Con una espontánea combinación de bonhomía, intuición e inteligencia, el  ha conquistado el corazón de creyentes y agnósticos. Su preocupación por los problemas de esta atribulada humanidad ha despertado esperanzas tan grandes como su empeño en mitigarlos. Las expectativas que despierta su apasionado compromiso acrecientan las responsabilidades que asume para superar heridas y rencores entre pueblos y gobiernos. Su esfuerzo diplomático en las Américas ha permitido reconciliar a Cuba y EE.UU., dos países que hicieron de su enemistad un sentimiento contagioso en el Hemisferio.

La Guerra Fría fue el marco histórico de la revolución cubana que todos apoyamos. Creímos que era una insurgencia democrática contra la dictadura de Batista, como Castro proclamó. Pero la libertad desapareció cuando convirtió la isla en base soviética y núcleo de la subversión comunista en América Latina. La dictadura castrista sobrevivió a la caída de la URSS y Cuba se erigió en la Roma del socialismo. Su gesta “evangelizadora” se adaptó con la versatilidad de un camaleón.
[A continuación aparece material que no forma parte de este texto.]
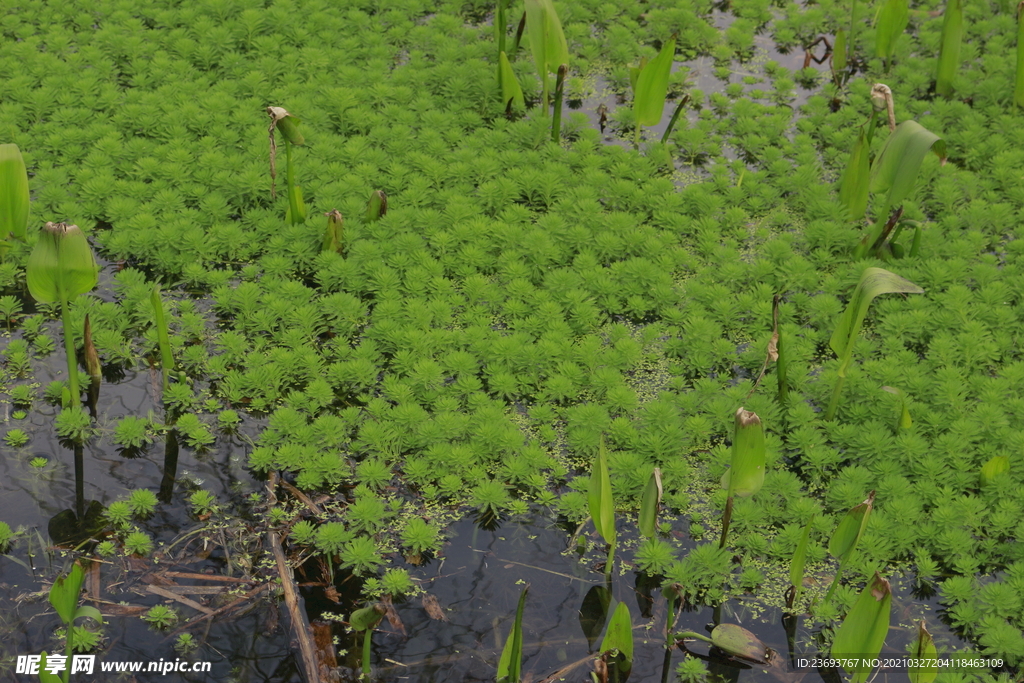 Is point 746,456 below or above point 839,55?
below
La permisividad de nuestras democracias dejó que ese virus debilitara el Estado de Derecho al extremo de relativizar el concepto de democracia para dar cabida a engendros como el “socialismo del siglo XXI”. Es Cuba la que adoctrinó a Chávez y Maduro, la que adiestró a sus socios del ALBA, y la que utiliza el petróleo de Caracas para consolidar esa coalición, donde las constituciones se cortan y recortan a la medida de presidentes vitalicios que vulneran libertades y derechos fundamentales.
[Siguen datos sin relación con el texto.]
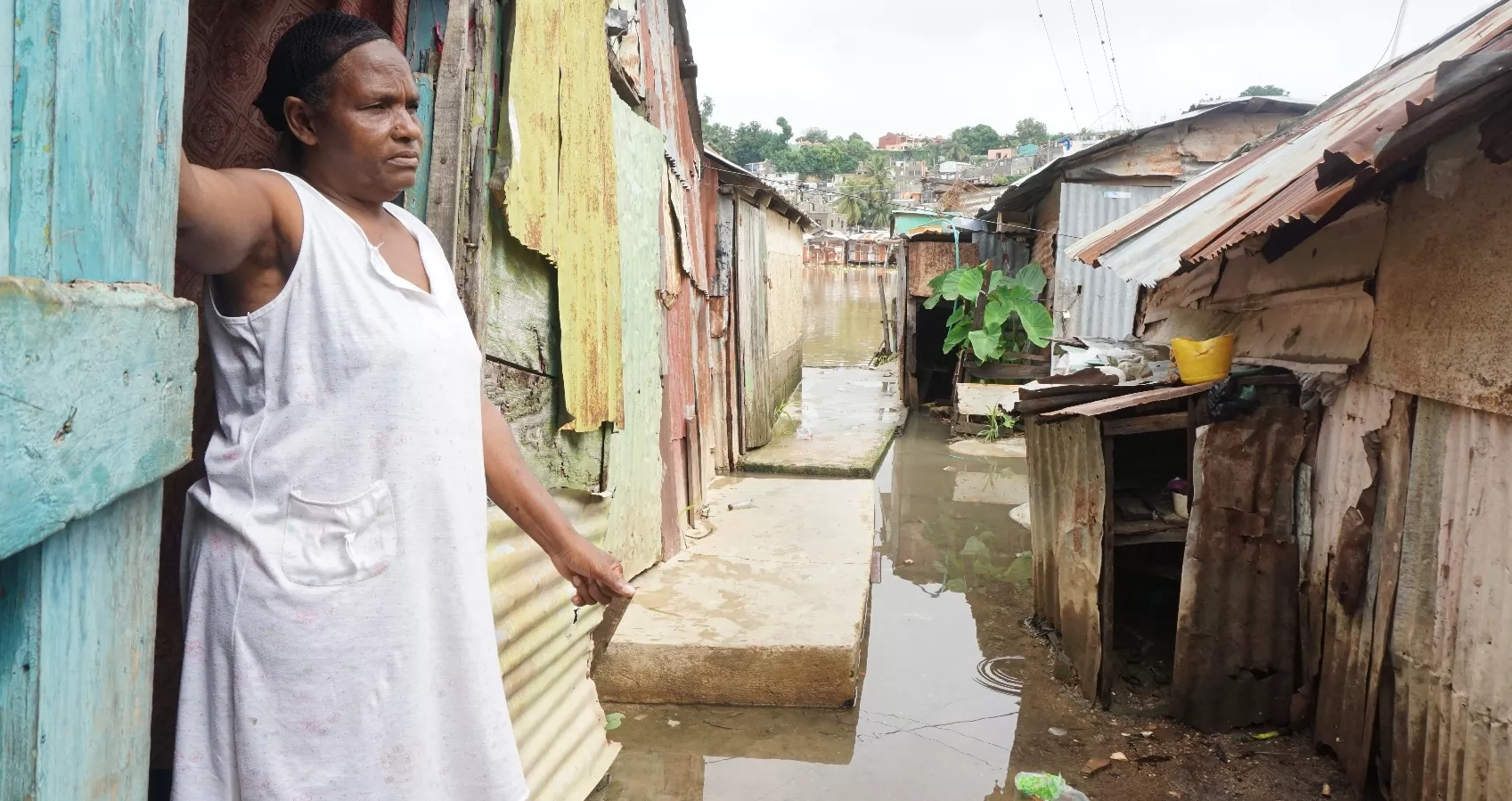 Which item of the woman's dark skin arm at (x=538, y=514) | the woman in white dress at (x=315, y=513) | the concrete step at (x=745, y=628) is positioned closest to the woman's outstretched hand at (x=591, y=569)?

El Canciller cubano acaba de acusar de intromisión a quienes protestaron por el linchamiento judicial de Leopoldo López, que pone en peligro su seguridad. Reiterando su apoyo “absoluto” a Maduro, ha denunciado una “cruzada contra los gobiernos progresistas” de la región (¡!). Actitudes tan arrogantes y provocadoras son incompatibles con el espíritu de reconciliación que el Papa propicia entre La Habana y Washington, que debería proyectarse a la renovación de las relaciones hemisféricas en su conjunto. Ese propósito, que Obama comparte, tiene un correlato viviente en EE.UU., donde la masiva inmigración de latinoamericanos es una demostración espontánea de integración panamericana. La palabra de Francisco será un aliento poderoso a favor de un estatuto migratorio que corresponda a esa positiva realidad.